One of the major talking points about the upcoming Andor series is how different it is going to be from every other Star Wars property that we have seen. The community has had a wide variety of reactions from excitement about a new direction of Star Wars to heavy concern given Tony Gilroy’s apparent disdain for anything related to the history of Star Wars.
Diego Luna spoke with The Hollywood Reporter about Andor and how different may not be as scary as many people think it could be for the Star Wars universe.
Tony Gilroy has said in the past that his superpower was not being a lifelong Star Wars fan, as that’s what allowed him to make bold choices on Rogue One. And I feel that lack of fear on Andor as well. Could you also sense that he was unafraid to tell a new type of Star Wars story?
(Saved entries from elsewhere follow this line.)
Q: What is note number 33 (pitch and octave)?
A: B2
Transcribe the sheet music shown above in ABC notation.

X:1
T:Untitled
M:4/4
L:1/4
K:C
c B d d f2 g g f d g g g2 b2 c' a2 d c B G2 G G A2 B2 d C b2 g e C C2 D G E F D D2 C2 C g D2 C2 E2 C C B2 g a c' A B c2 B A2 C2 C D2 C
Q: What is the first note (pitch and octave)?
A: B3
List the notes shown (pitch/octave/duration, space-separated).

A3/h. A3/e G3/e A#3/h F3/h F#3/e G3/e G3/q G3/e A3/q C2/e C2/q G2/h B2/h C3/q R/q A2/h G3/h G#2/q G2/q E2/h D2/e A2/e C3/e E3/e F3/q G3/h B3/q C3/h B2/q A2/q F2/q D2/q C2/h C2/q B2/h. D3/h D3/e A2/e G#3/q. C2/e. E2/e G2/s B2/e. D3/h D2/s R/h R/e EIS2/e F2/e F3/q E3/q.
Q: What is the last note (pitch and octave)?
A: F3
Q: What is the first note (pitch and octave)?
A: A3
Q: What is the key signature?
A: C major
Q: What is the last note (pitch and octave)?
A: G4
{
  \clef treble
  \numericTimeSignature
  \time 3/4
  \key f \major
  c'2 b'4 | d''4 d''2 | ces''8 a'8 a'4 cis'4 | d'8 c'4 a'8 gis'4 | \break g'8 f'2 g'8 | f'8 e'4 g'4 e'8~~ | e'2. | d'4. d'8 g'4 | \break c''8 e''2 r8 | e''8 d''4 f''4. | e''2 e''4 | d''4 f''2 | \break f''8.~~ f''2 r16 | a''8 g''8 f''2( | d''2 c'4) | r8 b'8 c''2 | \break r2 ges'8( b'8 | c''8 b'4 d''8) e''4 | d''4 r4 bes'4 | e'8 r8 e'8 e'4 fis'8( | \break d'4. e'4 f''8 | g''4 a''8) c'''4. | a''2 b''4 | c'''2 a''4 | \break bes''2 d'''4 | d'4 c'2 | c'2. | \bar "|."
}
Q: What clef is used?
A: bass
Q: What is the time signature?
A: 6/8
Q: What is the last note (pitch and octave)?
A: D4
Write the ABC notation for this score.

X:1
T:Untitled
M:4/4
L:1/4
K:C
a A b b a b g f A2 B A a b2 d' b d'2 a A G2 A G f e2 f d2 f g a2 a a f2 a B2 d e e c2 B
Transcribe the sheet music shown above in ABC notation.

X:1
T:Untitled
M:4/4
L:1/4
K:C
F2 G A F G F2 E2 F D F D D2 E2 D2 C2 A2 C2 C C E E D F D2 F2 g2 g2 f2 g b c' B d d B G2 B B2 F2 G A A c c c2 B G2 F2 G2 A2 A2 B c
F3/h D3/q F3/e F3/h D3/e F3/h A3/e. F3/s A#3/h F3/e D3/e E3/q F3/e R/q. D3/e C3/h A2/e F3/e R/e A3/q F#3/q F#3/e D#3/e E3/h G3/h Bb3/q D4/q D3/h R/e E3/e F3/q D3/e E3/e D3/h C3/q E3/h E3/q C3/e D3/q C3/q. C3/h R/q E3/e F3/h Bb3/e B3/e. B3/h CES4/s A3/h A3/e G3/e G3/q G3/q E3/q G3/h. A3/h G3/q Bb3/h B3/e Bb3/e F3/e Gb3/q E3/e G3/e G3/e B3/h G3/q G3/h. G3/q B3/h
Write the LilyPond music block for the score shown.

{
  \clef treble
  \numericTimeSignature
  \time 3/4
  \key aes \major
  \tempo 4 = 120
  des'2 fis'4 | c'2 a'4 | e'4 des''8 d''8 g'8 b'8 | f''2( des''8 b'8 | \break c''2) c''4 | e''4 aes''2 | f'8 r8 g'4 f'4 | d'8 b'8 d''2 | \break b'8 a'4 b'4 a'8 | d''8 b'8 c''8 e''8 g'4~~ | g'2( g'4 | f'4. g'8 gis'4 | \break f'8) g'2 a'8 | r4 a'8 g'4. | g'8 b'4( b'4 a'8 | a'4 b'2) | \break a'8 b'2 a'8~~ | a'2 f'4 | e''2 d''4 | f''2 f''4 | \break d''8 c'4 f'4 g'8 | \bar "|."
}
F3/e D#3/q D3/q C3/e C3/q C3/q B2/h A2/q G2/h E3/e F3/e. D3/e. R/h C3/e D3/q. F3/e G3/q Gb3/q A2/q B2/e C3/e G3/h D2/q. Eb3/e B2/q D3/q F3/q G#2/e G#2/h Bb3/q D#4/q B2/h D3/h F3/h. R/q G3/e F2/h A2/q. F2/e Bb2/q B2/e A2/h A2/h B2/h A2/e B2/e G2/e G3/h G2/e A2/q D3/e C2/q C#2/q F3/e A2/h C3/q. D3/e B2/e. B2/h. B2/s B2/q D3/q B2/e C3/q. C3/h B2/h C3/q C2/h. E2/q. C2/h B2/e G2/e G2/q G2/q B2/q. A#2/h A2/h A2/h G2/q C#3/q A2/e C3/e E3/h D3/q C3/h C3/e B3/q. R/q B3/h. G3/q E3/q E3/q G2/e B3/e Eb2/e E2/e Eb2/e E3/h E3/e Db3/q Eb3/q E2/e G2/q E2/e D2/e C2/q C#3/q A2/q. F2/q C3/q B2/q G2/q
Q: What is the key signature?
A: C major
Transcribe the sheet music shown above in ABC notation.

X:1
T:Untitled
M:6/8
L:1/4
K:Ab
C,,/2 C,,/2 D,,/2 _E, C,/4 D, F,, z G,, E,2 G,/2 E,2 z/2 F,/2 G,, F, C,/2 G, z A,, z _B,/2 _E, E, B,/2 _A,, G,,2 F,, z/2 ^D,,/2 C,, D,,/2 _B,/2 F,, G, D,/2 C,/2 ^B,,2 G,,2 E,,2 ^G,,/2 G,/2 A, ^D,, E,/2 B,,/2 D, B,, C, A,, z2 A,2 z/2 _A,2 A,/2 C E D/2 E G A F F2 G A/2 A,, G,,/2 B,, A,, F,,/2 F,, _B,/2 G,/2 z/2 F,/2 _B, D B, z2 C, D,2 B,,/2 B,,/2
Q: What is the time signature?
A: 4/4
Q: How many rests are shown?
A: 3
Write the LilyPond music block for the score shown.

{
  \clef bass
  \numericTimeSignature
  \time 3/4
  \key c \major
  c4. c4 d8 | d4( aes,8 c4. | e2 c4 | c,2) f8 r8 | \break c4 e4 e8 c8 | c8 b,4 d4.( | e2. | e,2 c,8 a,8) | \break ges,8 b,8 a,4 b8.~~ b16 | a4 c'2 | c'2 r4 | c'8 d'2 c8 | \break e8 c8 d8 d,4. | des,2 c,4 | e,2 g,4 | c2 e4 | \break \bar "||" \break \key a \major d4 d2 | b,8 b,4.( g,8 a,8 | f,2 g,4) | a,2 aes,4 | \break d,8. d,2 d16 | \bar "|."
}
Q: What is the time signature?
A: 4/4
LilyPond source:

I think so. Tony is just not afraid, period. (Laughs.) It has nothing to do with Star Wars or his work. I admire the guy so much. He experienced freedom in a very rigorous way, which I love. It is very interesting to have a voice like his in this story. You never approach a story this way where you know what the end is and the creative team doesn’t have to deliver an ending that you’re not expecting. We don’t have to think about that.
In fact, we’re going to challenge every idea you have, or every answer you came up with, for why or how things happened and why this character did what he did. Why was he willing to sacrifice everything for the cause? What did it mean when he said, “I’ve been in this fight since I was six years old”? What did he mean when he said, “I’ve done terrible things on behalf of the Rebellion”? So that’s what we’re going to challenge because everyone who watched Rogue One thinks they have the answer. We’re going to challenge that, and we’re going to come to you and say, “No, listen, things were not the way you imagined. They were this way. This had to happen for someone to become the person you know.”
So the freedom Tony Gilroy has to execute his writing is needed, otherwise, there’s no way to come up with a story that you would care about.
What do you think of Tony’s plan for season two as every three episodes will represent a year’s worth of story?
I think it’s perfect. It’s lovely. It’s almost like four different movies [via four three-episode blocks]. Three episodes will be a very strong block to explore a year, another year, and then another year and another year. There is also space in between each block where time passes, so we’re allowed to evolve and transform. But I think that’s part of season one, too. How many episodes have you seen?
The first four.
Yeah, so when you saw episode three, you probably went, “I think I know the characters, the tone and what the series is going to be about,” but then we take you where episode four goes. And you were like, “What!? Where are we going? What’s going on? What happened?” So I think that’s something that this long format gives us. It’s the flexibility to literally transform and go somewhere else and meet other characters and find other planets and discover new things. It’s a fantastic format, and it’s very ambitious. It’s complete freedom. You have room, you have space, you have time, and that is lovely when you have something to say.